The theory itself has a lot of twists and turns. If you want to read a great – but slightly wordy – book on the subject, check out the book “Minimalism Beyond the Nurnberg Funnel”, 1998, edited by John Carroll.

In the meantime, if you can tick every item in the following checklist, you’ll be well on your way to usable online help that both your readers and your managers will thank you for.

Helpful Help Checklist

1. Base the help on real tasks (or realistic examples)

2. Structure the help based on task sequence – Chapter headings should be goals and topics should be tasks

3. Respect the reader's activity – this is generally more about what you don’t do than what you do. Don’t waste the reader’s time by diving off into tangents

4. Exploit prior knowledge and experience – Draw the reader’s attention to previous tasks, experiences, successes, and failures

5. Prevent mistakes - "Ensure you do x before doing y"

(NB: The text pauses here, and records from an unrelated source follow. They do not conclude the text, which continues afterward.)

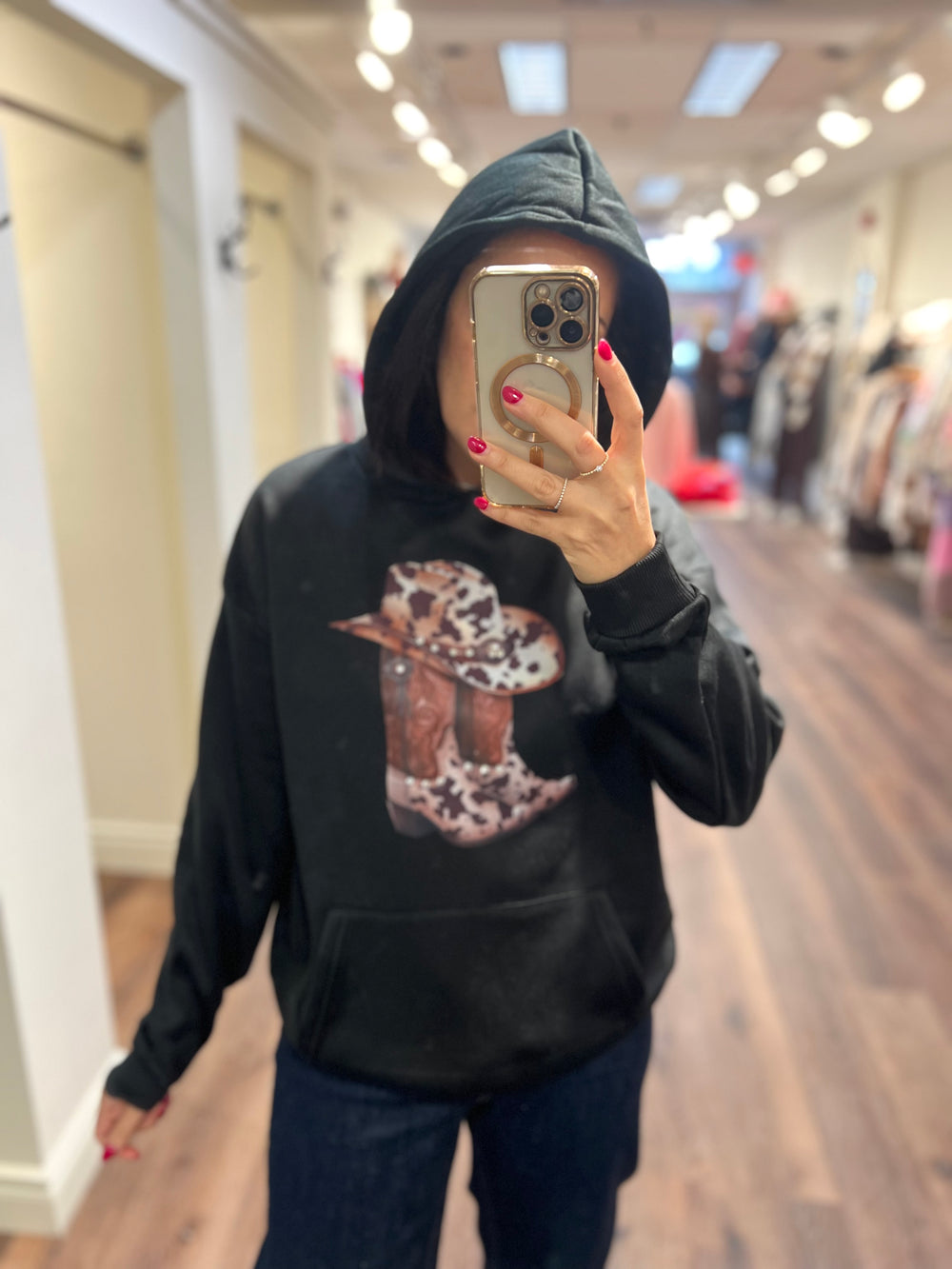 COWBOY RHINESTONE BLACK HOODIE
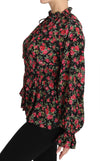 Black Rose Print Floral Shirt Top Blouse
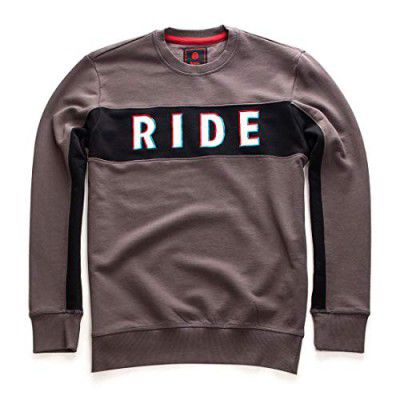 Royal Enfield Men's Cotton Crew Neck Sweatshirt (RLASSL000019_CHARCOAL_(S) 38 CM)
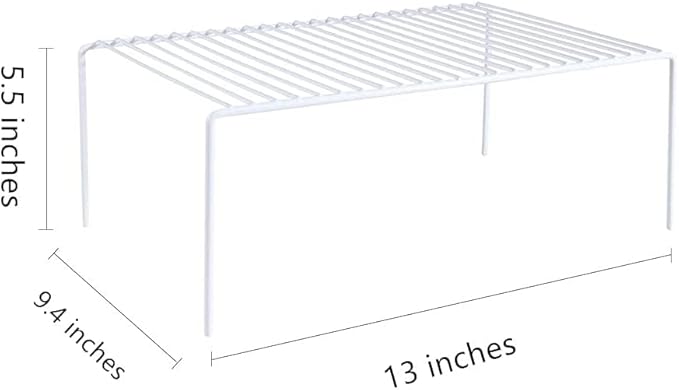Kitchen Cabinet Shelf Organizer Set of 4, Medium (13 x 9.4 inch) Metal Wire Pantry Storage Shelves, Dish Plate Racks for Cabinets, Freezer, Counter, Cupboard Organizers and Storage, White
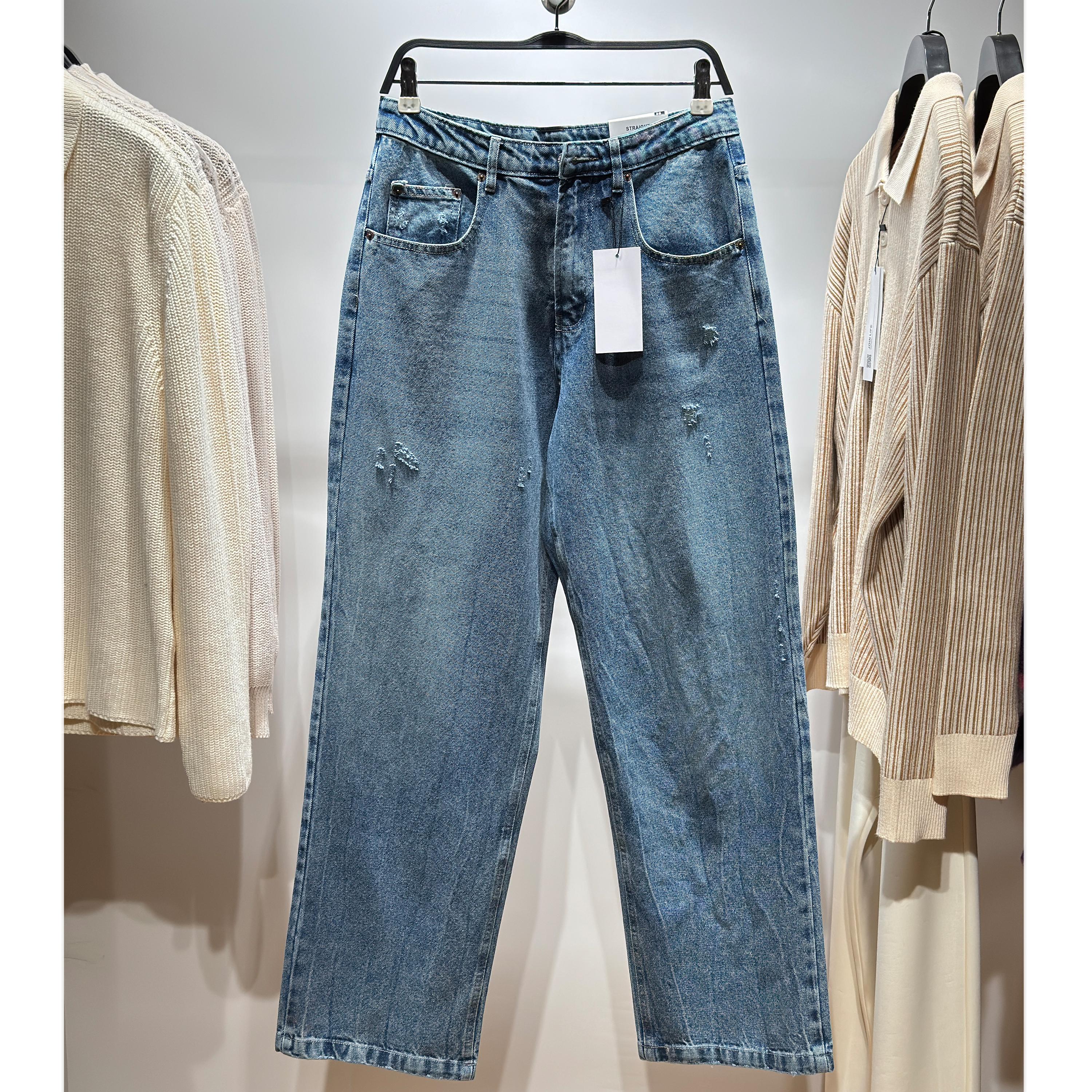 柜329！25新品男装 多色选宽松直筒水洗美式休闲牛仔长裤 4048400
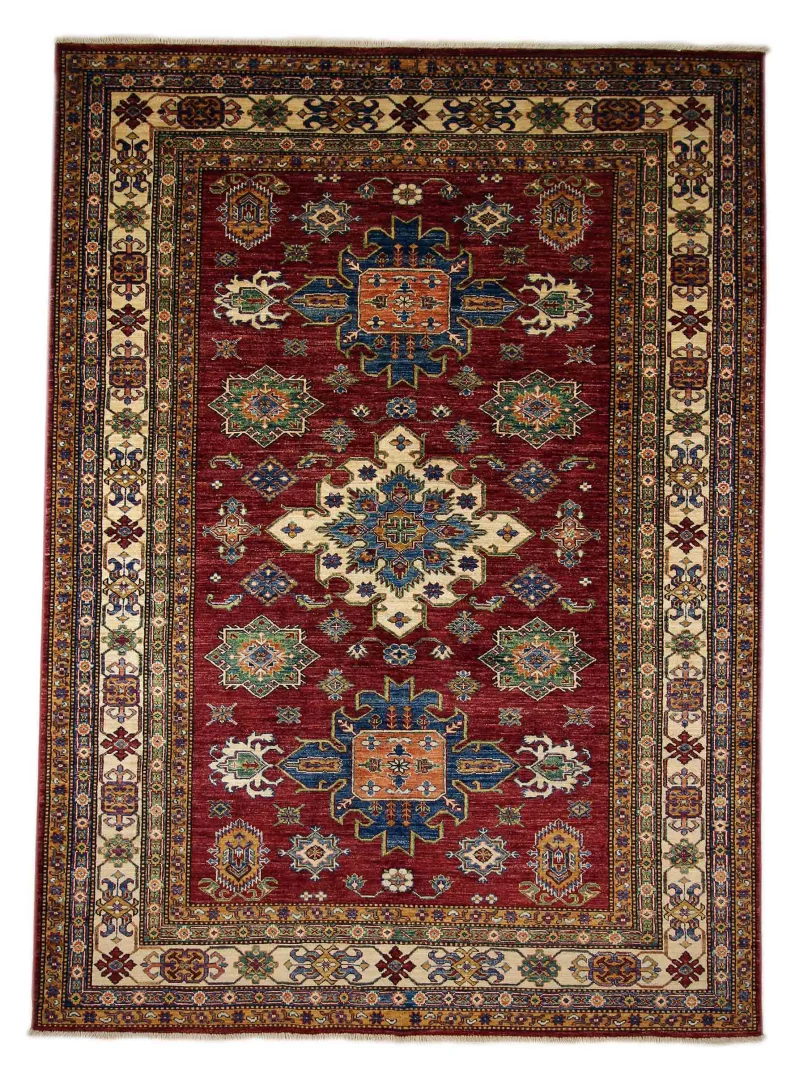 Kazak Teppich 267 x 185 cm – Geometrisches Design, handgeknüpft, Perserteppich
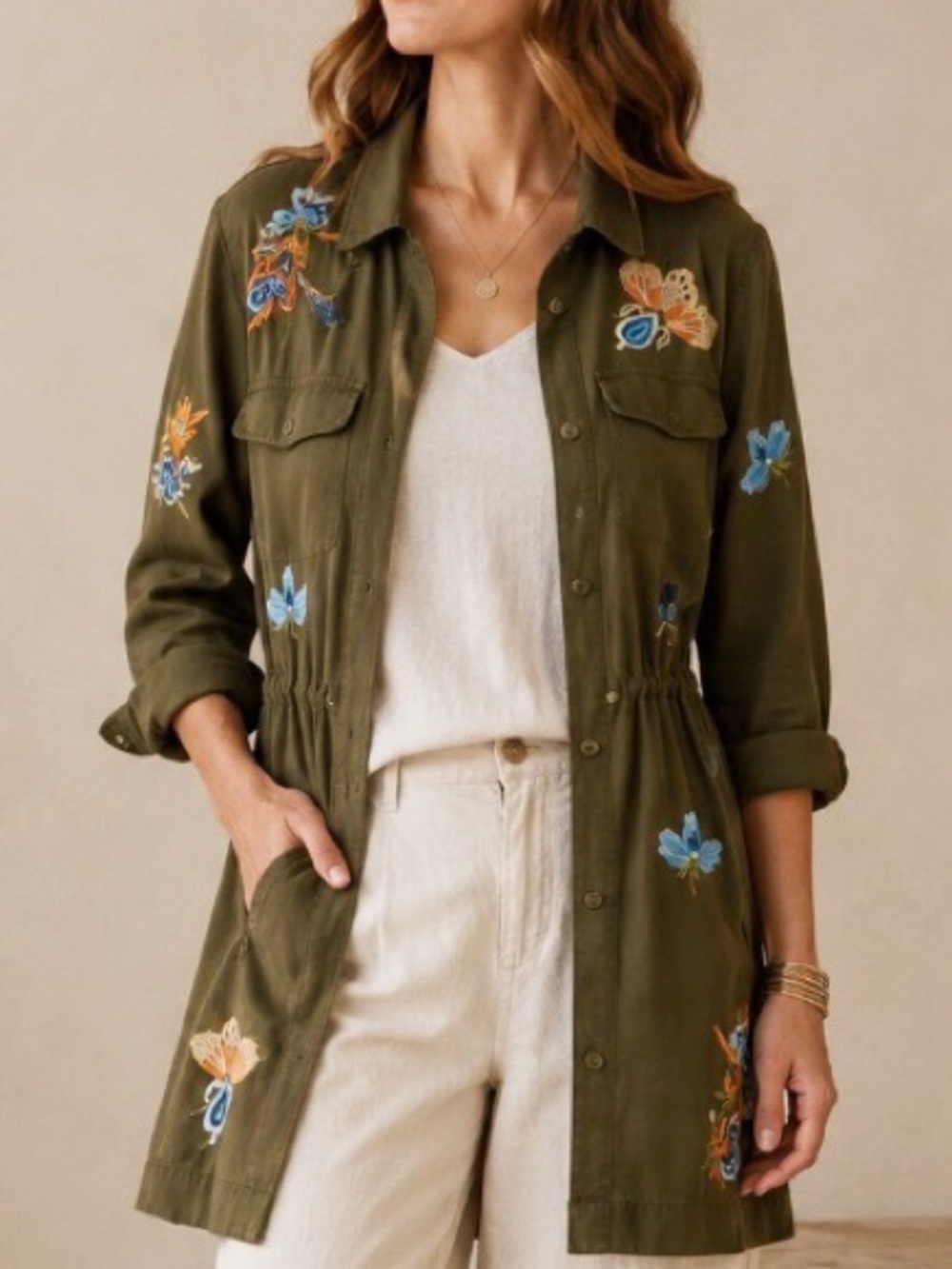 Chico's Floral Embroidered Utility Jacket Olive Green Button Front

6. Detect and identify mistakes - "If this fails, you may have entered the path incorrectly"

7. Fix mistakes - "Re-enter the path"

8. Provide error info at end of tasks where necessary (rule of thumb, one error info note per three tasks is a good average)

9. Don't break up instructions with notes, cautions, warnings, and exceptional cases - Put these things at the end of the instruction, wherever possible

10. Be brief, don't spell everything out, especially things that can be taken for granted

11. Omit conceptual and note information where possible, or link to it. Perhaps provide expansion information at the end of the topic, plus maybe a note that there are other ways to perform the task/goal, but this is the easiest

12. Sections should look short and read short

13. Provide closure for sections (e.g., back to original screen/goal)

14. Provide an immediate opportunity to act and encourage exploration and innovation (use active invitations to act, such as, "See for yourself..." or "Try this..." rather than passive invitations such as, "You can...")

15. Get users started quickly

16. Allow for reading in any order - make each section modular, especially goals, but perhaps tasks (definitely if they can be performed in a different order)

17. Highlight things that are not typical

18. Use active voice rather than passive voice

19. Try to account for the user's environment in your writing

20. Before writing anything, ask yourself “Will this help my reader?”

By building these practices into your documentation process, you’ll find that your online help becomes easier to write, shorter, and far more usable for your reader. What’s more, your boss will love you!